Dialysis patients receiving SFP in place of IV iron will be expected to use fewer erythropoietin-stimulating agents (ESA) reducing the ESA cost for providers—a powerful incentive for adoption, Chioini said during the call.
“We believe SFP fits perfectly in the new bundled reimbursement world as it is expected to reduce the need for ESA,” he added. “ESA drug cost is extremely expensive at approximately $12,000 per patient annually.”
Duncan agreed that the dialysis bundle could actually be part of the solution for SFP’s launch and not part of the problem. “Historically, dialysis centers made money giving Epogen, and that’s changing,” he said.
For example, BioTrends Research released survey results in April that found safety issues in clinical reports on erythropoietin-stimulating agents have changed the way nephrologists are prescribing anemia drugs. One potential change from that could be physicians using anemia drugs, like Amgen’s Epogen, more sparingly while increasing the use of iron drugs.
It seems Rockwell is attempting to take advantage of this nexus of clinical and economic changes in anemia management. “The cat’s meow would be that they are able to show not only good clinical benefit, but Epogen sparing,” Duncan said.
During the investor call, Chioini revealed that Rockwell is taking part in a National Institutes of Health-funded study regarding SFP. The study will include approximately 30 patients and will compare SFP to Fresenius’s iron drug Venofer. The study is designed to generate bundle-related data, as well as data on ESA reduction.
“In a bundled environment we believe any product that enables dialysis providers to lower their costs and is part of the bundle should do well commercially,” Chioini said during the investor call.
The next step is the phase-III clinical trial that could pave the way for approval. Earlier this summer, Rockwell met with the U.S. Food and Drug Administration and said it solicited input on the company's planned phase III clinical program for SFP. As a result of those conversations, Rockwell confirmed a change in hemoglobin is an approvable end point for the phase III trial design.

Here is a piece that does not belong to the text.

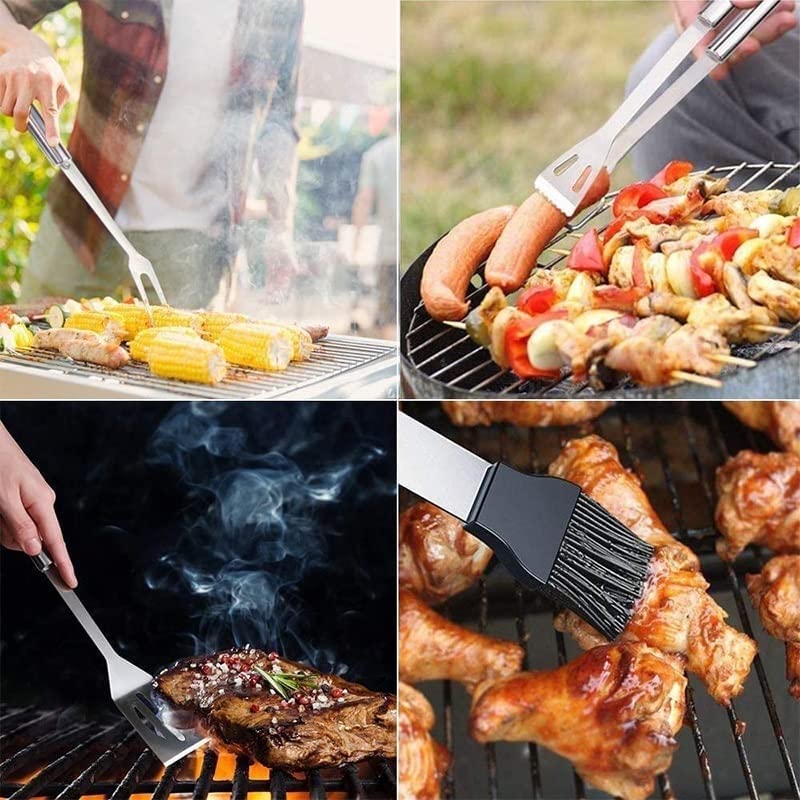 2. 0pcs. Campeggio BBQ. Kit for accessori for barbecue in acciaio inossidabile BBQ. Strumenti for regali di compleanno di Natale - Utensili Grill Set Ideal Gritting Regali for uomini DAD DONN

“We intend to use a primary efficacy endpoint in the phase III study that is identical to a secondary efficacy endpoint we had in our phase IIb study, which achieved a statistically significant p-value, demonstrating an excess of 0.5 g/dL difference in hemoglobin between placebo and the SFP 10 µg/dl dose group,” Chioini said in a news release. “Our regulatory path for SFP is now clear and we expect to submit our phase III protocol design to the FDA shortly. We remain on track to start the pivotal phase III program later this year.”